## TASK DESCRIPTION
Nothing in the data should be left out or altered when it is retyped.

## DATASET CONTENT
● ● ●

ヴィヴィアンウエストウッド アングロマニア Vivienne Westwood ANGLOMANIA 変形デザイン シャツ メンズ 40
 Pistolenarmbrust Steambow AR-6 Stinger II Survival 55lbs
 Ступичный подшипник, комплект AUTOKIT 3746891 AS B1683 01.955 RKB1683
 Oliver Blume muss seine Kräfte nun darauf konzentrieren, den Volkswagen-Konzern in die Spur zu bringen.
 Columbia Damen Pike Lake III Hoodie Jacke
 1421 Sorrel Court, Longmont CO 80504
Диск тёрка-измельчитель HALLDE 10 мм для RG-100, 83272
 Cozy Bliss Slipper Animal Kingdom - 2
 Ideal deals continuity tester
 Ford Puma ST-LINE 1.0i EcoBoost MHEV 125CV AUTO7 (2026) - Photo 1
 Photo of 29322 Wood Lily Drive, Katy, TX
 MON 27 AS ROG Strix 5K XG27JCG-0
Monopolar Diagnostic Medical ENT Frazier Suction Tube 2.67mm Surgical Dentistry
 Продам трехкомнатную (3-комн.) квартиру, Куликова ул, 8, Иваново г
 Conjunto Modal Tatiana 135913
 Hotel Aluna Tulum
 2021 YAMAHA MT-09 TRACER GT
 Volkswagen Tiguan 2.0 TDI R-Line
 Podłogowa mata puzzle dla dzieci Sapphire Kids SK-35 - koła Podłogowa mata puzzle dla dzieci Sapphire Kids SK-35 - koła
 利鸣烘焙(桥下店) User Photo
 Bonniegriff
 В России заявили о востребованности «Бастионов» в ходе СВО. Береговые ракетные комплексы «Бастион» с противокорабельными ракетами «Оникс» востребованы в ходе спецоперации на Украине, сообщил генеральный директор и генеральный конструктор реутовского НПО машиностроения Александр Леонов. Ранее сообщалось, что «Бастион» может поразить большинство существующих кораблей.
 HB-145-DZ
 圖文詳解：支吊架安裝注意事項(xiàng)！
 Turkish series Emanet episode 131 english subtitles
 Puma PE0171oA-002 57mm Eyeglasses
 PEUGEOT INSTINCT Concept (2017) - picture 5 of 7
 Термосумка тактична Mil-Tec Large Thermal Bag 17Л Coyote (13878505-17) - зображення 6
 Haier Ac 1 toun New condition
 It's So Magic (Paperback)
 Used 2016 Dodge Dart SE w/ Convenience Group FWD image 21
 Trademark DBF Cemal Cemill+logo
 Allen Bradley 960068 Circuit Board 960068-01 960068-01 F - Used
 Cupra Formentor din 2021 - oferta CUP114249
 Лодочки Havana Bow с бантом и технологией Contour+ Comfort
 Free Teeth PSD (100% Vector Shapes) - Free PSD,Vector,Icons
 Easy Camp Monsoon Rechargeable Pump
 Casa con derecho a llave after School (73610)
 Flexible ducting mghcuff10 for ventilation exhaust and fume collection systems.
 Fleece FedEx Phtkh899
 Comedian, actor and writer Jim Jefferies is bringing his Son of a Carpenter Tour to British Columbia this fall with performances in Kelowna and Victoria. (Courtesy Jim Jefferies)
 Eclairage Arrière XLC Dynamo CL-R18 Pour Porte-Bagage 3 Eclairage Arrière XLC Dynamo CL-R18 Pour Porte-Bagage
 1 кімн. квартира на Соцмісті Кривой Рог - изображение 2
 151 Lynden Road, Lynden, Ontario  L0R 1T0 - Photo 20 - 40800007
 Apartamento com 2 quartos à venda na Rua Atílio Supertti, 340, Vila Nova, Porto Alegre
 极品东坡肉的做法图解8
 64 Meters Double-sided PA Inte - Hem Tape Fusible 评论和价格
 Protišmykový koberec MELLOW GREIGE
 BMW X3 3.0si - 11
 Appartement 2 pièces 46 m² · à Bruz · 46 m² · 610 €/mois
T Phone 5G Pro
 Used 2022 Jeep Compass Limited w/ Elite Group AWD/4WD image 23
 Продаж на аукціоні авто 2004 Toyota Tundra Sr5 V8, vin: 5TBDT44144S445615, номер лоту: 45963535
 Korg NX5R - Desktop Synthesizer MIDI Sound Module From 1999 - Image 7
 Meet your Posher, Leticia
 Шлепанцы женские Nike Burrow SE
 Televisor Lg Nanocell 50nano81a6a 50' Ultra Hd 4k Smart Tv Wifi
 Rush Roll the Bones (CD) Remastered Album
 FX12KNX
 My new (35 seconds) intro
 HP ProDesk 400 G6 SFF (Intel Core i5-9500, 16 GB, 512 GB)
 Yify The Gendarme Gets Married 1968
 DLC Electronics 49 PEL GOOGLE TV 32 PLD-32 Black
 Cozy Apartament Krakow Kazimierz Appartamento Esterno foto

● ● ●

## EXERCISE RESPONSE
ヴィヴィアンウエストウッド アングロマニア Vivienne Westwood ANGLOMANIA 変形デザイン シャツ メンズ 40
 Pistolenarmbrust Steambow AR-6 Stinger II Survival 55lbs
 Ступичный подшипник, комплект AUTOKIT 3746891 AS B1683 01.955 RKB1683
 Oliver Blume muss seine Kräfte nun darauf konzentrieren, den Volkswagen-Konzern in die Spur zu bringen.
 Columbia Damen Pike Lake III Hoodie Jacke
 1421 Sorrel Court, Longmont CO 80504
Диск тёрка-измельчитель HALLDE 10 мм для RG-100, 83272
 Cozy Bliss Slipper Animal Kingdom - 2
 Ideal deals continuity tester
 Ford Puma ST-LINE 1.0i EcoBoost MHEV 125CV AUTO7 (2026) - Photo 1
 Photo of 29322 Wood Lily Drive, Katy, TX
 MON 27 AS ROG Strix 5K XG27JCG-0
Monopolar Diagnostic Medical ENT Frazier Suction Tube 2.67mm Surgical Dentistry
 Продам трехкомнатную (3-комн.) квартиру, Куликова ул, 8, Иваново г
 Conjunto Modal Tatiana 135913
 Hotel Aluna Tulum
 2021 YAMAHA MT-09 TRACER GT
 Volkswagen Tiguan 2.0 TDI R-Line
 Podłogowa mata puzzle dla dzieci Sapphire Kids SK-35 - koła Podłogowa mata puzzle dla dzieci Sapphire Kids SK-35 - koła
 利鸣烘焙(桥下店) User Photo
 Bonniegriff
 В России заявили о востребованности «Бастионов» в ходе СВО. Береговые ракетные комплексы «Бастион» с противокорабельными ракетами «Оникс» востребованы в ходе спецоперации на Украине, сообщил генеральный директор и генеральный конструктор реутовского НПО машиностроения Александр Леонов. Ранее сообщалось, что «Бастион» может поразить большинство существующих кораблей.
 HB-145-DZ
 圖文詳解：支吊架安裝注意事項(xiàng)！
 Turkish series Emanet episode 131 english subtitles
 Puma PE0171oA-002 57mm Eyeglasses
 PEUGEOT INSTINCT Concept (2017) - picture 5 of 7
 Термосумка тактична Mil-Tec Large Thermal Bag 17Л Coyote (13878505-17) - зображення 6
 Haier Ac 1 toun New condition
 It's So Magic (Paperback)
 Used 2016 Dodge Dart SE w/ Convenience Group FWD image 21
 Trademark DBF Cemal Cemill+logo
 Allen Bradley 960068 Circuit Board 960068-01 960068-01 F - Used
 Cupra Formentor din 2021 - oferta CUP114249
 Лодочки Havana Bow с бантом и технологией Contour+ Comfort
 Free Teeth PSD (100% Vector Shapes) - Free PSD,Vector,Icons
 Easy Camp Monsoon Rechargeable Pump
 Casa con derecho a llave after School (73610)
 Flexible ducting mghcuff10 for ventilation exhaust and fume collection systems.
 Fleece FedEx Phtkh899
 Comedian, actor and writer Jim Jefferies is bringing his Son of a Carpenter Tour to British Columbia this fall with performances in Kelowna and Victoria. (Courtesy Jim Jefferies)
 Eclairage Arrière XLC Dynamo CL-R18 Pour Porte-Bagage 3 Eclairage Arrière XLC Dynamo CL-R18 Pour Porte-Bagage
 1 кімн. квартира на Соцмісті Кривой Рог - изображение 2
 151 Lynden Road, Lynden, Ontario  L0R 1T0 - Photo 20 - 40800007
 Apartamento com 2 quartos à venda na Rua Atílio Supertti, 340, Vila Nova, Porto Alegre
 极品东坡肉的做法图解8
 64 Meters Double-sided PA Inte - Hem Tape Fusible 评论和价格
 Protišmykový koberec MELLOW GREIGE
 BMW X3 3.0si - 11
 Appartement 2 pièces 46 m² · à Bruz · 46 m² · 610 €/mois
T Phone 5G Pro
 Used 2022 Jeep Compass Limited w/ Elite Group AWD/4WD image 23
 Продаж на аукціоні авто 2004 Toyota Tundra Sr5 V8, vin: 5TBDT44144S445615, номер лоту: 45963535
 Korg NX5R - Desktop Synthesizer MIDI Sound Module From 1999 - Image 7
 Meet your Posher, Leticia
 Шлепанцы женские Nike Burrow SE
 Televisor Lg Nanocell 50nano81a6a 50' Ultra Hd 4k Smart Tv Wifi
 Rush Roll the Bones (CD) Remastered Album
 FX12KNX
 My new (35 seconds) intro
 HP ProDesk 400 G6 SFF (Intel Core i5-9500, 16 GB, 512 GB)
 Yify The Gendarme Gets Married 1968
 DLC Electronics 49 PEL GOOGLE TV 32 PLD-32 Black
 Cozy Apartament Krakow Kazimierz Appartamento Esterno foto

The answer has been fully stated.